WHAT TO PRODUCE | Write the data out again exactly, with no pictures.

DATA SHOWN |
+ + + +
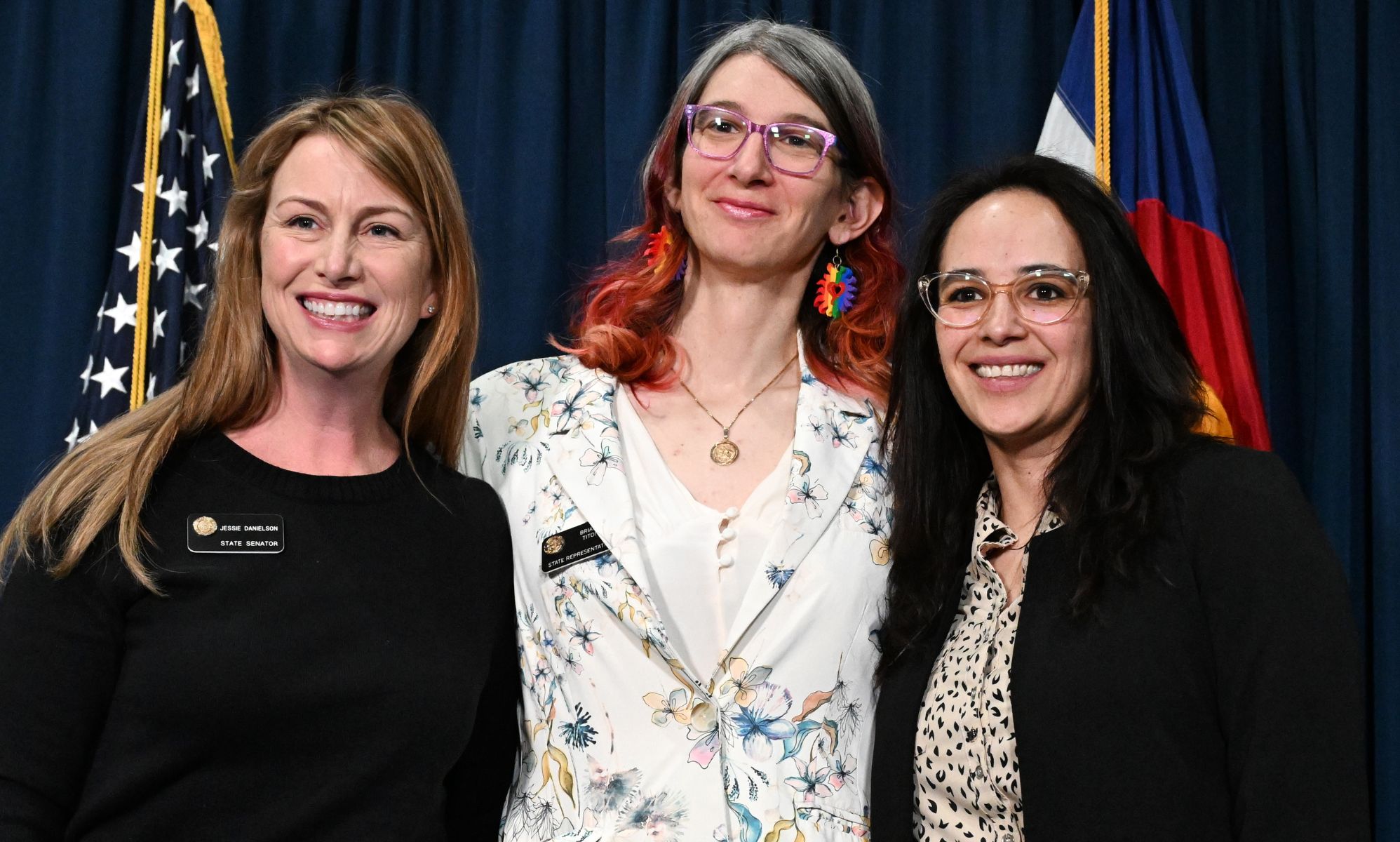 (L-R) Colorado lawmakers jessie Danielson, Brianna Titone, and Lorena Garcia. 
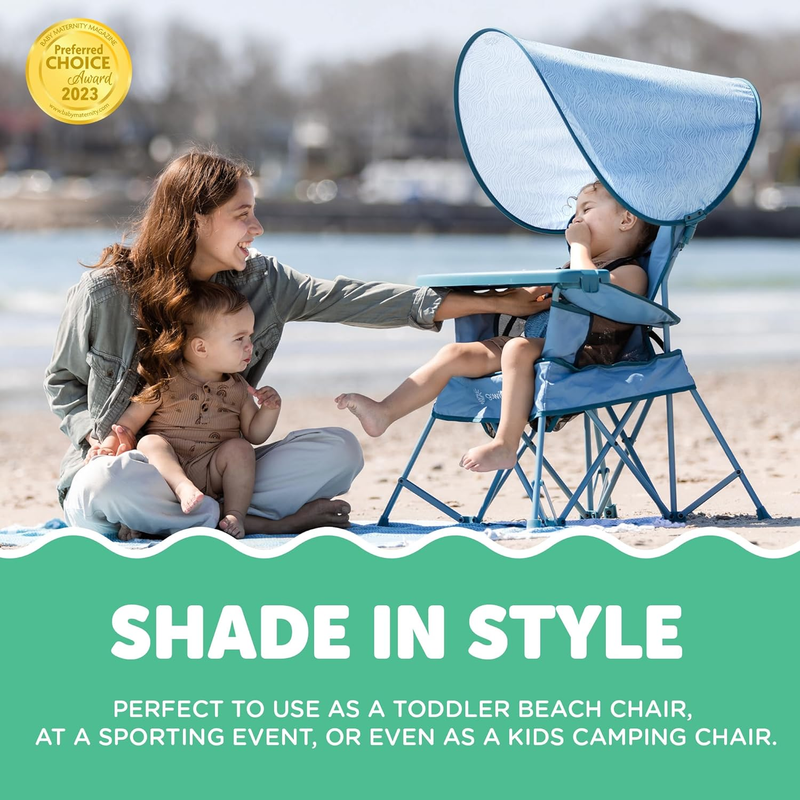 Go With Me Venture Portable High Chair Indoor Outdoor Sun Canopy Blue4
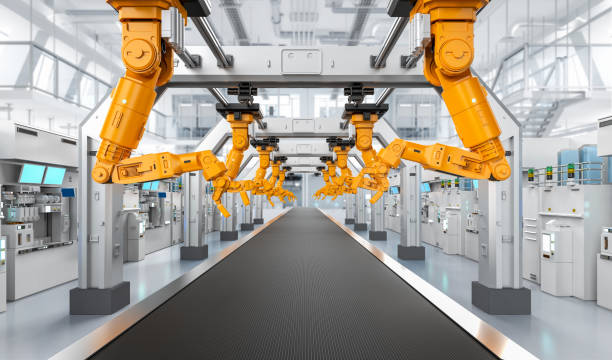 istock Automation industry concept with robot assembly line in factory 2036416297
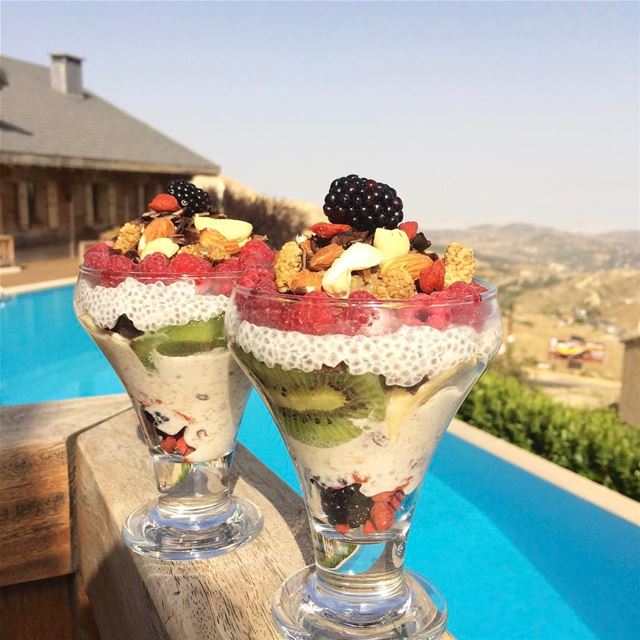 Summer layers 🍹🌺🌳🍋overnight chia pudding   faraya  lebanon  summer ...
+ + + +
RESPONSE |
 (L-R) Colorado lawmakers jessie Danielson, Brianna Titone, and Lorena Garcia. 
 Go With Me Venture Portable High Chair Indoor Outdoor Sun Canopy Blue4
 istock Automation industry concept with robot assembly line in factory 2036416297
 Summer layers 🍹🌺🌳🍋overnight chia pudding   faraya  lebanon  summer ...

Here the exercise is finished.